◆ PROBLEM TO WORK ON
Send back the records exactly as written, with no images.

[Short text fragments from websites]
*-*-*
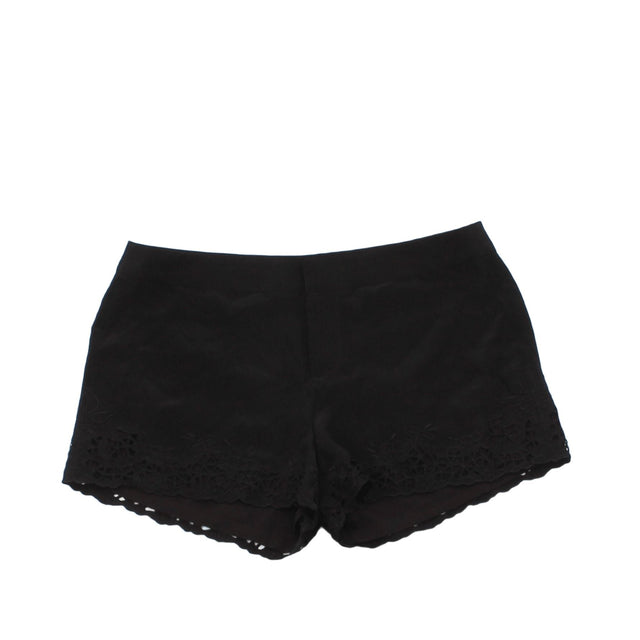 Joie Women's Shorts UK 2 Black 100% Cotton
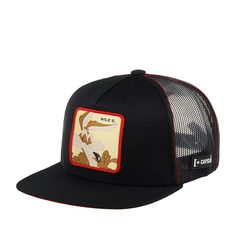 Бейсболка унисекс CAPSLAB CL/LOO7/1/CASF/WI3 Looney Tunes Wile E. Coyote черная / красная Capslab®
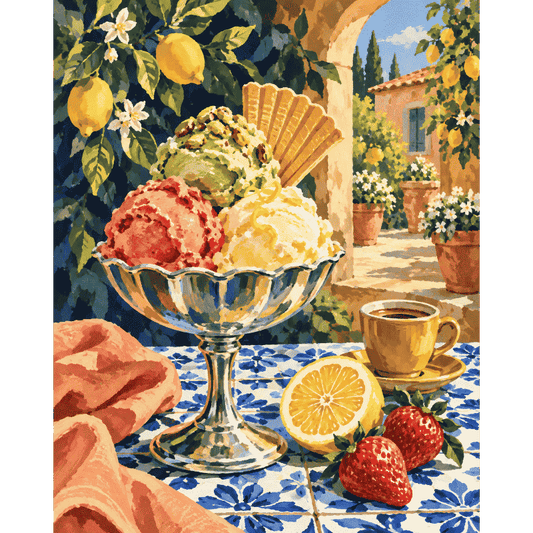 Gelato op het terras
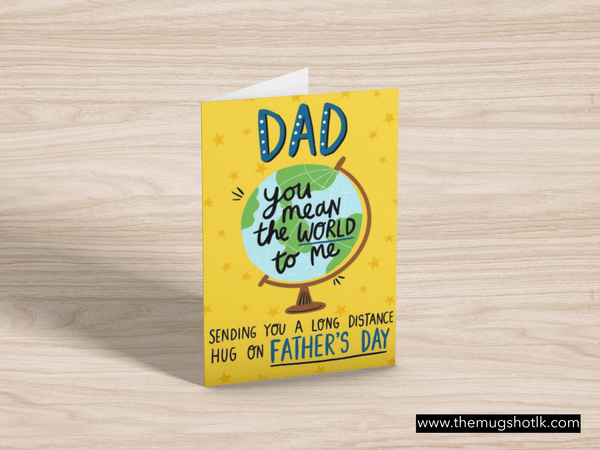 Long Distance Hug - Father's Day Card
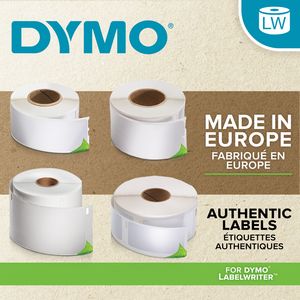 Picture 3 of Etiket Dymo LabelWriter multifunctioneel 32x57mm 6 rollen á 1000 stuks wit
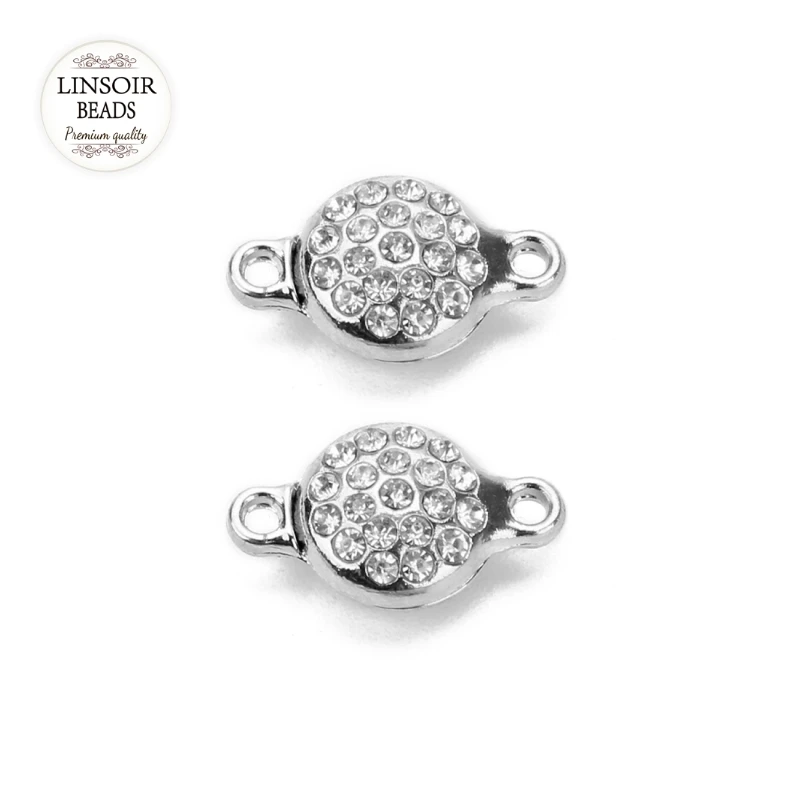 Новинка 5 шт./лот кристальная прочная Магнитная застежка Серебряные Крючки DIY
*-*-*
◆ TASK ANSWER
 Joie Women's Shorts UK 2 Black 100% Cotton
 Бейсболка унисекс CAPSLAB CL/LOO7/1/CASF/WI3 Looney Tunes Wile E. Coyote черная / красная Capslab®
 Gelato op het terras
 Long Distance Hug - Father's Day Card
 Picture 3 of Etiket Dymo LabelWriter multifunctioneel 32x57mm 6 rollen á 1000 stuks wit
 Новинка 5 шт./лот кристальная прочная Магнитная застежка Серебряные Крючки DIY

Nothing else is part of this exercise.